## WORK TO COMPLETE
Using the records below, transcribe word for word the stretch from the line that contains "Black Circle Hook" through the line that contains "House for rent", both end lines included, and nothing else.

## DATASET EXCERPTS
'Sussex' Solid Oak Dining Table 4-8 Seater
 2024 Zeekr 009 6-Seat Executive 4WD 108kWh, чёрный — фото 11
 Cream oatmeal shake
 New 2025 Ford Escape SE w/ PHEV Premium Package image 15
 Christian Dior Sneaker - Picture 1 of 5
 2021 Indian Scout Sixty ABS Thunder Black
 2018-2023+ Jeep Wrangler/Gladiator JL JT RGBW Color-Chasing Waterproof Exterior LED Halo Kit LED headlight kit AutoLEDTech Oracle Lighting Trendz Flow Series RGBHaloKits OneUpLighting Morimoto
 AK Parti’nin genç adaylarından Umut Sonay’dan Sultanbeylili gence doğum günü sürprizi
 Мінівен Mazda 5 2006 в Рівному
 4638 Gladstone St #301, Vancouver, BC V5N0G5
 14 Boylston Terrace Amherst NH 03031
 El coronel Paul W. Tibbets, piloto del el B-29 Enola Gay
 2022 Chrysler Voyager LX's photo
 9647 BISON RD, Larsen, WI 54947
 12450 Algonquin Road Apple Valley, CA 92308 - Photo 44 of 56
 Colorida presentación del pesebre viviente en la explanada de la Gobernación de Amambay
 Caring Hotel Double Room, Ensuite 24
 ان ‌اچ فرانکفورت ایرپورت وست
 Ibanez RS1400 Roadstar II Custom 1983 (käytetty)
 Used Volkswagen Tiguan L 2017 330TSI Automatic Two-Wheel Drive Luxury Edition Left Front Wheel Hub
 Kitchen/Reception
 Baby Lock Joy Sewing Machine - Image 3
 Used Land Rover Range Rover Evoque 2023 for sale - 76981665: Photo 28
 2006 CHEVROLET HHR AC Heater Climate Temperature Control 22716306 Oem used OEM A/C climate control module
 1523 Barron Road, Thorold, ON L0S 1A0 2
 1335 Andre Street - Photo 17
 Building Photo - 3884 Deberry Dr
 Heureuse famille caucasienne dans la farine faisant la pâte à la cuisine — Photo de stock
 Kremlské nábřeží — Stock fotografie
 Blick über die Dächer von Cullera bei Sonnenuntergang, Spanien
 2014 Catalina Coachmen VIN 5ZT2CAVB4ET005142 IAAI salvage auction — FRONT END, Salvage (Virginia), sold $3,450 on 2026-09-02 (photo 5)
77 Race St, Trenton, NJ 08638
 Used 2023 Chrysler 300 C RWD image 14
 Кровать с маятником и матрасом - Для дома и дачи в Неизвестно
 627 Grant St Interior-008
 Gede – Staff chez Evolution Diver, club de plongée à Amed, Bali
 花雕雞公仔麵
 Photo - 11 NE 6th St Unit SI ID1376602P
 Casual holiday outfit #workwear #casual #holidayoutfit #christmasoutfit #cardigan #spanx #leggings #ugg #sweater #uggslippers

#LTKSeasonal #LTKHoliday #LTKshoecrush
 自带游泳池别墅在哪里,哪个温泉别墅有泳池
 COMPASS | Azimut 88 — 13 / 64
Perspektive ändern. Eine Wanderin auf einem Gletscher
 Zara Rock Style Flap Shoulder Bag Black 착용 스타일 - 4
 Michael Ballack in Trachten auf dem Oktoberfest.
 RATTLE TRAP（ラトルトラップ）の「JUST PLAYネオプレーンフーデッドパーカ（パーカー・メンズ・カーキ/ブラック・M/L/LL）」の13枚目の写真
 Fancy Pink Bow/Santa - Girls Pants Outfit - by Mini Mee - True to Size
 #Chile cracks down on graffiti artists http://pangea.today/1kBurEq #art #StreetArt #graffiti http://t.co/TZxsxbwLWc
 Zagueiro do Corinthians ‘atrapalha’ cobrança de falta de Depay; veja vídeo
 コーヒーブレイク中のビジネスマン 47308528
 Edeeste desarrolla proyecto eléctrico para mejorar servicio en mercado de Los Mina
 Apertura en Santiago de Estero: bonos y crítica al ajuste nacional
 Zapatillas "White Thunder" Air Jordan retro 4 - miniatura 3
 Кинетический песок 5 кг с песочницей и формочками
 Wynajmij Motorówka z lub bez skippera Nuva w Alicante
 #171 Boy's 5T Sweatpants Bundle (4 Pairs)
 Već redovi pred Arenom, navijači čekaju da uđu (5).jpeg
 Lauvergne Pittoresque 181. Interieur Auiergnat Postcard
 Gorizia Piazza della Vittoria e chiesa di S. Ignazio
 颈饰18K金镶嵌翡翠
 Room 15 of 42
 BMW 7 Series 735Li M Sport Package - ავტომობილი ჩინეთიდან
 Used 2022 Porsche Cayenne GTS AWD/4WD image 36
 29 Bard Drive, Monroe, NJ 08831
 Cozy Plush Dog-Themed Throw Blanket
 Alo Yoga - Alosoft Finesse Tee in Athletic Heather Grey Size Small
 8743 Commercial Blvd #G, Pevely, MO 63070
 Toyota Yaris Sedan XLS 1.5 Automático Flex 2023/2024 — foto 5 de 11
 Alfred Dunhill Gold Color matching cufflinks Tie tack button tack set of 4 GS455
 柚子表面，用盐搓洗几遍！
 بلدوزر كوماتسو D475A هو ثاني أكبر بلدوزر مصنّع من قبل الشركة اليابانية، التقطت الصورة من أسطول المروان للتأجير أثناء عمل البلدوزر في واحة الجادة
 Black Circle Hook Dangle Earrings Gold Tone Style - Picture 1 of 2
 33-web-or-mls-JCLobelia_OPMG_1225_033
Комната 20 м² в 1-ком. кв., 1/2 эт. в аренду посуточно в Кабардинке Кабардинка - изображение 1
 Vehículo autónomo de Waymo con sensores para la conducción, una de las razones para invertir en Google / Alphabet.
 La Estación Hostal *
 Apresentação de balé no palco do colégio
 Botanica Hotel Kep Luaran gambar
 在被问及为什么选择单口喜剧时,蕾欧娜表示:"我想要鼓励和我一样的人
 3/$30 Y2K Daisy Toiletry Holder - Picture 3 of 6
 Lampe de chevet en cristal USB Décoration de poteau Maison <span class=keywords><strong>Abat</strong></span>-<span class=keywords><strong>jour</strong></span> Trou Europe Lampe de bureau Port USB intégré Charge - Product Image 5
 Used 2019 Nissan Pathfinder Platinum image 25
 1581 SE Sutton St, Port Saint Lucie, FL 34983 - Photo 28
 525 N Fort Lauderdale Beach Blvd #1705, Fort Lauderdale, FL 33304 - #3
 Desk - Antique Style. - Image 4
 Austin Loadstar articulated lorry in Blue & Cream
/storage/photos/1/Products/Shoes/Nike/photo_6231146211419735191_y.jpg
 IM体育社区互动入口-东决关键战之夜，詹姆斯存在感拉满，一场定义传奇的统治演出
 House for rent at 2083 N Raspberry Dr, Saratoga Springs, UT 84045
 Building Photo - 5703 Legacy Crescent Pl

## ANSWER AREA
 Black Circle Hook Dangle Earrings Gold Tone Style - Picture 1 of 2
 33-web-or-mls-JCLobelia_OPMG_1225_033
Комната 20 м² в 1-ком. кв., 1/2 эт. в аренду посуточно в Кабардинке Кабардинка - изображение 1
 Vehículo autónomo de Waymo con sensores para la conducción, una de las razones para invertir en Google / Alphabet.
 La Estación Hostal *
 Apresentação de balé no palco do colégio
 Botanica Hotel Kep Luaran gambar
 在被问及为什么选择单口喜剧时,蕾欧娜表示:"我想要鼓励和我一样的人
 3/$30 Y2K Daisy Toiletry Holder - Picture 3 of 6
 Lampe de chevet en cristal USB Décoration de poteau Maison <span class=keywords><strong>Abat</strong></span>-<span class=keywords><strong>jour</strong></span> Trou Europe Lampe de bureau Port USB intégré Charge - Product Image 5
 Used 2019 Nissan Pathfinder Platinum image 25
 1581 SE Sutton St, Port Saint Lucie, FL 34983 - Photo 28
 525 N Fort Lauderdale Beach Blvd #1705, Fort Lauderdale, FL 33304 - #3
 Desk - Antique Style. - Image 4
 Austin Loadstar articulated lorry in Blue & Cream
/storage/photos/1/Products/Shoes/Nike/photo_6231146211419735191_y.jpg
 IM体育社区互动入口-东决关键战之夜，詹姆斯存在感拉满，一场定义传奇的统治演出
 House for rent at 2083 N Raspberry Dr, Saratoga Springs, UT 84045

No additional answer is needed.